__EXERCISE INPUTS__:
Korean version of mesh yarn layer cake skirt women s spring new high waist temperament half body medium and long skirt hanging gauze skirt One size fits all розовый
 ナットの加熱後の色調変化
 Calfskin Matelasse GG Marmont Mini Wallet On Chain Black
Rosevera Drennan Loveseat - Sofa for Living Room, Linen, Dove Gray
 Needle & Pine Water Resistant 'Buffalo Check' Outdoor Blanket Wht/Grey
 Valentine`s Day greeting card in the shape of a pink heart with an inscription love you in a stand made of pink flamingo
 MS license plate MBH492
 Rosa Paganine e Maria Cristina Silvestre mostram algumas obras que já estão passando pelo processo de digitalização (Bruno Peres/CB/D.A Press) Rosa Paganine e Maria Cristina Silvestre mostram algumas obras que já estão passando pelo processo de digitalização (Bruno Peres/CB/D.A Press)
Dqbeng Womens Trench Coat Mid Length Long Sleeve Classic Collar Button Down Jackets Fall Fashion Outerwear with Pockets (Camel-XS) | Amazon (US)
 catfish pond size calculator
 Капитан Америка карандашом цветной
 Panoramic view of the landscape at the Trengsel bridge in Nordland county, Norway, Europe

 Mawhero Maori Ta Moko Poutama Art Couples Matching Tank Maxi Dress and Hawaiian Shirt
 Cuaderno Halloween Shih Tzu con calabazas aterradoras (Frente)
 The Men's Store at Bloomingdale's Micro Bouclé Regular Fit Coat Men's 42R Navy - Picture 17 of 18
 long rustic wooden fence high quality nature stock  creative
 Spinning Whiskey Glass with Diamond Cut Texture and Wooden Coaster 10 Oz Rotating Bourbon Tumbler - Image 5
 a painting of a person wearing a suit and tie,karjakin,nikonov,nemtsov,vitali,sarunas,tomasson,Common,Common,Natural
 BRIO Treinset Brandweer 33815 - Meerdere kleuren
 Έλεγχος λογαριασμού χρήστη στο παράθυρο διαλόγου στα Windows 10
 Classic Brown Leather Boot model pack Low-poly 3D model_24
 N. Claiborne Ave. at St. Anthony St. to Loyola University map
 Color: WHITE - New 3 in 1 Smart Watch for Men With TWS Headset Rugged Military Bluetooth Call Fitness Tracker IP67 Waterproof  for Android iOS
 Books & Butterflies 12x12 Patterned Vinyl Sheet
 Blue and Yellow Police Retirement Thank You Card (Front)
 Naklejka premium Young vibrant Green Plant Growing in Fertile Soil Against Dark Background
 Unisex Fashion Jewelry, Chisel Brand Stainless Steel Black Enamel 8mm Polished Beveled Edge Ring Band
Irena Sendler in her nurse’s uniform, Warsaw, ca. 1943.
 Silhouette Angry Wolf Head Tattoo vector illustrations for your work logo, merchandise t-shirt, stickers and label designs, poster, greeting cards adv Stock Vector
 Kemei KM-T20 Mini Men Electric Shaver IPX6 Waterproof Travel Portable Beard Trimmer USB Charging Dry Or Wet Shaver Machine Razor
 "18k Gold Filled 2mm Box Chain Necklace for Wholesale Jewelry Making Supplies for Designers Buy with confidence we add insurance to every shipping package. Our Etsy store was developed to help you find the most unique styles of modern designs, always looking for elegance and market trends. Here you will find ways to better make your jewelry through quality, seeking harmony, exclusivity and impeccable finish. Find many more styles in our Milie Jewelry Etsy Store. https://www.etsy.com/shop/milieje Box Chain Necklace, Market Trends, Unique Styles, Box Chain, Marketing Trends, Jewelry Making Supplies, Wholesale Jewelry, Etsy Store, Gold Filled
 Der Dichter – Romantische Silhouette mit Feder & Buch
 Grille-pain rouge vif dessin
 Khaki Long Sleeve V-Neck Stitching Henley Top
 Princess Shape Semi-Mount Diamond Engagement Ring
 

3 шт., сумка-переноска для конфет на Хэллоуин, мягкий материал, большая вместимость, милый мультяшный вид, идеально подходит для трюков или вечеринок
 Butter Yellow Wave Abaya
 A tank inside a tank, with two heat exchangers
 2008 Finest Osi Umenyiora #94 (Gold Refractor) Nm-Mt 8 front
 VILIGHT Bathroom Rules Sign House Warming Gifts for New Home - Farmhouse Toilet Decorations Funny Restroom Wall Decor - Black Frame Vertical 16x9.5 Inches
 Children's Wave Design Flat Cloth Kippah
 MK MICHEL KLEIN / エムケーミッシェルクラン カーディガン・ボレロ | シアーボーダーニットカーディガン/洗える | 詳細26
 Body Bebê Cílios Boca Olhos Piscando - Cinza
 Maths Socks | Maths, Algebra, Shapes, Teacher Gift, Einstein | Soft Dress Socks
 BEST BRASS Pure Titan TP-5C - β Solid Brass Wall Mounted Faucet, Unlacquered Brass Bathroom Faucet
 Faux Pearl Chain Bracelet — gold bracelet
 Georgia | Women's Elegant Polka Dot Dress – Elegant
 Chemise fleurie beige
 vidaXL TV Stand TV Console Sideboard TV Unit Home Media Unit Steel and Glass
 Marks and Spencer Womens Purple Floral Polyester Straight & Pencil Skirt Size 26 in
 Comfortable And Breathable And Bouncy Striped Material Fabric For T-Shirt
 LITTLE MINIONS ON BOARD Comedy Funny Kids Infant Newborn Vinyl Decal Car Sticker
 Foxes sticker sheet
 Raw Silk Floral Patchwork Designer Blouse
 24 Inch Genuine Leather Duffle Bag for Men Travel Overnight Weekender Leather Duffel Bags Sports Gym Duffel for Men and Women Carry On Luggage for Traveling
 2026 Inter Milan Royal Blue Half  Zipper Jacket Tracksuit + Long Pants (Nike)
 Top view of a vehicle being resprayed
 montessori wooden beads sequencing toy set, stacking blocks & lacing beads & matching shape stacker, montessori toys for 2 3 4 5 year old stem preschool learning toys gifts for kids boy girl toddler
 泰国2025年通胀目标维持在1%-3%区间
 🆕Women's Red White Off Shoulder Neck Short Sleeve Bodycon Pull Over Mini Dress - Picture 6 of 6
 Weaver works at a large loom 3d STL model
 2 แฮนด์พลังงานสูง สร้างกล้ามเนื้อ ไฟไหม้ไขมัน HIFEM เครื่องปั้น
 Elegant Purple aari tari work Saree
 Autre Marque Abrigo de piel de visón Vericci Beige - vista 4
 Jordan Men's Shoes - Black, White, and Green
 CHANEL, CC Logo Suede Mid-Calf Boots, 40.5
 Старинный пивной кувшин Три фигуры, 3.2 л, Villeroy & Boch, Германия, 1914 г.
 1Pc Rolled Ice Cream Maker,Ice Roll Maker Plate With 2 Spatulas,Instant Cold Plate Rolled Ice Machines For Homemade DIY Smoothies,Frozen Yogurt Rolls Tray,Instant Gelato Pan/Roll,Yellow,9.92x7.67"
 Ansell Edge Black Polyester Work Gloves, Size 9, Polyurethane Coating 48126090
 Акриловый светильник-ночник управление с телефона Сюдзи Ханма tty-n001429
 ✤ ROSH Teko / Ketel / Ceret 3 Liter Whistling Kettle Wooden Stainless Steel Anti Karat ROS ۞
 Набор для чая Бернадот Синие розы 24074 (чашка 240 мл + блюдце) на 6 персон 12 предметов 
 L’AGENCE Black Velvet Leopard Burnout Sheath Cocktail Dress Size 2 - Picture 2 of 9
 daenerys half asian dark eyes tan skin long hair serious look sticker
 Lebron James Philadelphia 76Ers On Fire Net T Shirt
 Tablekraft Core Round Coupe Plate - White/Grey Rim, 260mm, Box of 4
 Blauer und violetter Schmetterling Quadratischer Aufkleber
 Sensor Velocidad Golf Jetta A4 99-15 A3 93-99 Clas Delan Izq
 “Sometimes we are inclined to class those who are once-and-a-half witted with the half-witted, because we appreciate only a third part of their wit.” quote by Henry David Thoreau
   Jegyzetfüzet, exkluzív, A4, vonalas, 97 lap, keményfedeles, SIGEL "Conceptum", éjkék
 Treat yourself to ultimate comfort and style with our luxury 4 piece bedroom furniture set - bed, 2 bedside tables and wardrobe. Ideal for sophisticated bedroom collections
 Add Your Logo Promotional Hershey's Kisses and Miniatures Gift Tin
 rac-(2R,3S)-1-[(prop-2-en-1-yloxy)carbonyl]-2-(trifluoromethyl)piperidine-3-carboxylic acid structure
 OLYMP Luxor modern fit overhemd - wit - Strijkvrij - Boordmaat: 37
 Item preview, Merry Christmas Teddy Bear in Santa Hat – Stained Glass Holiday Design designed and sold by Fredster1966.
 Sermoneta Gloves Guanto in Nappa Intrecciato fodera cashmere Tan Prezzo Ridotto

__THE PROBLEM__: Your answer should consist solely of the lines above from the line with "Maths Socks |" to the line with "泰国2025年通胀目标维持在1%-3%区间", both included, reproduced exactly.

__WRITTEN SOLUTION__:
 Maths Socks | Maths, Algebra, Shapes, Teacher Gift, Einstein | Soft Dress Socks
 BEST BRASS Pure Titan TP-5C - β Solid Brass Wall Mounted Faucet, Unlacquered Brass Bathroom Faucet
 Faux Pearl Chain Bracelet — gold bracelet
 Georgia | Women's Elegant Polka Dot Dress – Elegant
 Chemise fleurie beige
 vidaXL TV Stand TV Console Sideboard TV Unit Home Media Unit Steel and Glass
 Marks and Spencer Womens Purple Floral Polyester Straight & Pencil Skirt Size 26 in
 Comfortable And Breathable And Bouncy Striped Material Fabric For T-Shirt
 LITTLE MINIONS ON BOARD Comedy Funny Kids Infant Newborn Vinyl Decal Car Sticker
 Foxes sticker sheet
 Raw Silk Floral Patchwork Designer Blouse
 24 Inch Genuine Leather Duffle Bag for Men Travel Overnight Weekender Leather Duffel Bags Sports Gym Duffel for Men and Women Carry On Luggage for Traveling
 2026 Inter Milan Royal Blue Half  Zipper Jacket Tracksuit + Long Pants (Nike)
 Top view of a vehicle being resprayed
 montessori wooden beads sequencing toy set, stacking blocks & lacing beads & matching shape stacker, montessori toys for 2 3 4 5 year old stem preschool learning toys gifts for kids boy girl toddler
 泰国2025年通胀目标维持在1%-3%区间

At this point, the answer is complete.